The Haar cascade classifier uses sliding window approach with pyramid to detect objects. For me it takes about 0.01s to detect objects in an image. However my question is that how it can be so fast while uses sliding window approach? (I implemented a CNN for detect object which used sliding window for detect objects with no pyramids, although it took 2 seconds to detect objects). I want to know what are the tricks to run sliding window approach faster? I used two loops for sliding whole image with some strides and also made it parallel, but it is still much slower than OpenCV implementation.
-
1are you using python loops? most of the OpenCV methods are run in C++, and a lot of them are heavily optimized (SSE, OMP, etc). Also, python loops are quite slow... normally you try to avoid them and use something optimized like numpy (which is precompiled) – api55 Oct 19 '17 at 13:33
-
Thanks for your comment, Is it possible to split image into overlapping slices using numpy in one comment and store them in sub numpy arrays? – Panda Oct 19 '17 at 14:12
-
[here is a link](https://stackoverflow.com/questions/15722324/sliding-window-in-numpy) with a way to do that with numpy. Also if you want to do it in pure python, you can try to convert it to c and compile with [cython](http://cython.org/). – api55 Oct 19 '17 at 14:25
1 Answers
The quickest way (in my experience) is to use the numpy.lib.stride_tricks.as_strided
function. Effectively what we do is first use the numpy function to generate and store all of the patches (sliding window positions) in one big array. Then we can just map that array to our function.

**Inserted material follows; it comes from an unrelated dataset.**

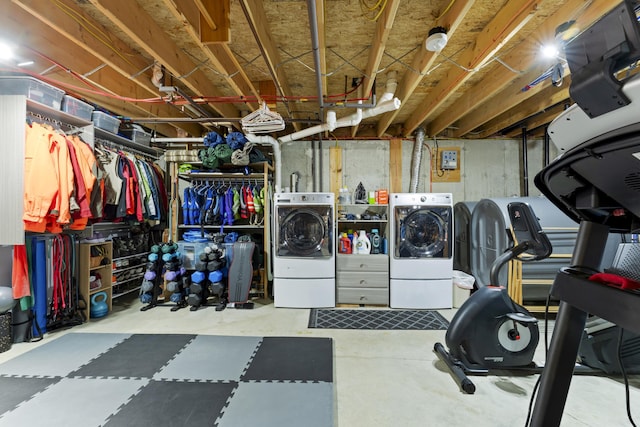 50 Flagg Way, Fayette, ME 04349 - exercise room with washing machine and dryer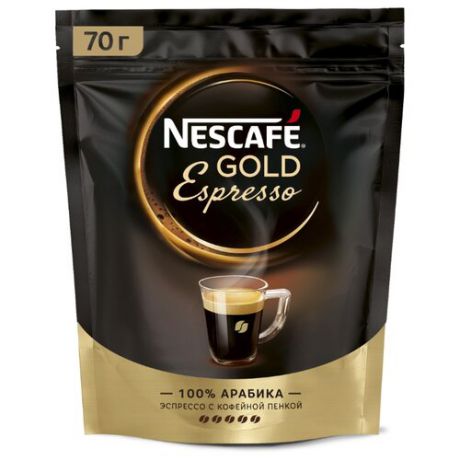 Кофе растворимый Nescafe Gold Espresso с пенкой, пакет, 70 г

First, define the shape which is defined as (image height, image width, kernel height, kernel width). Then you can stride across the bits of the image (i.e. 8bit image each pixel is an 8bit stride). In this case the patches will be a repeat of the strides of the image twice. You can check the stride with img.strides
.
def some_func(roi):
'''
simple function to return the mean of the region
of interest
'''
return np.mean(roi)
img = np.zeros((30000,30000), dtype=np.uint8)
img_shape = img.shape
size = 3 # window size i.e. here is 3x3 window
shape = (img.shape[0] - size + 1, img.shape[1] - size + 1, size, size)
strides = 2 * img.strides
patches = np.lib.stride_tricks.as_strided(img, shape=shape, strides=strides)
patches = patches.reshape(-1, size, size)
output_img = np.array([some_func(roi) for roi in patches])
output_img.reshape(img_size)
There are other increases you could do like vectorizing your function np.vectorize()
in certain cases. If you wanted to calculate the mean you could have also just used output_img = patches.mean(axis=(-1, -2))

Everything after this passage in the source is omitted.